1. Look up: A great way of creating the illusion of higher ceilings is to paint the walls, trims and ceiling in similar shades of one colour. Hanging curtains closer to the ceiling as well as extending the curtains rod beyond the window can trick our eyes into thinking that the window is larger and the ceiling higher.
2. Keep things slim: Avoid low sofas with heavy legs and wide arms as they visually constrict a space. You can always swap your sofa for two chaise lounges or a loveseat, which – paired with some armless chairs – will give you enough seating without it feeling overcrowded.
3. Keep the flooring flowing: A continuous floor is one of the easiest tricks to make spaces appear larger and airier, while breaking up rooms with different flooring materials can achieve the opposite effect.
4. Smart use of glass and mirrors: Replacing wooden doors with glass-panelled or French doors can visually open the space and let the light in.
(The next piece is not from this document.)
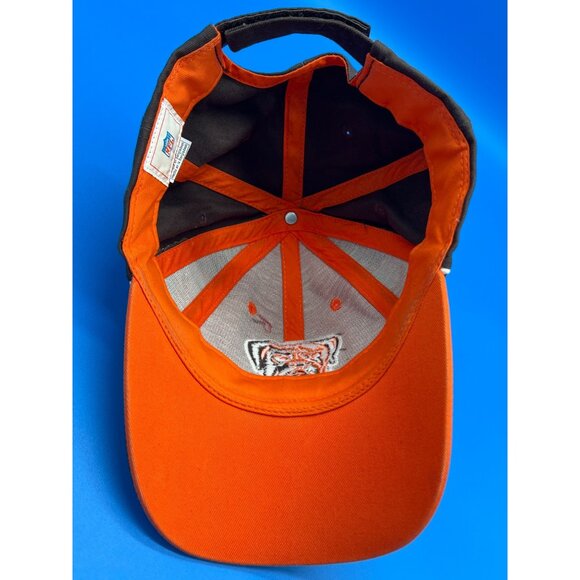 NFL Cleveland Browns Hat Dog Pound Adjustable Cap Orange/Brown - Picture 5 of 9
Generous-sized standing mirrors are another great way to bounce light around your room.
5. Accessorise smart: Don’t feel like you have to fill up every surface, shelf or corner with accessories – let the room breathe.
6. Don’t be afraid of black: Black can blur boundaries so finite edges aren’t as clear. Be careful not to overdo the shade, but a black wall, floor or ceiling can give the illusion of space because it’s more difficult to see where the room finishes. Black fences are fantastic in small planted gardens, as you can’t see where the garden ends.
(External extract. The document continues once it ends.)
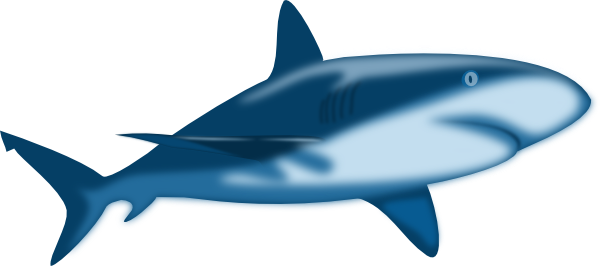 free clip art cartoon sharks - photo #19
7. Frame views of small spaces carefully: If you have a small courtyard, don’t install huge open glass windows overlooking it as it will make the edges of your site obvious. Select views to highlight the garden and edit out your fences.
8. Layer space: Lining up windows and doors so you can see through to other rooms and gardens gives you a sense of extended space and connection with the outdoors.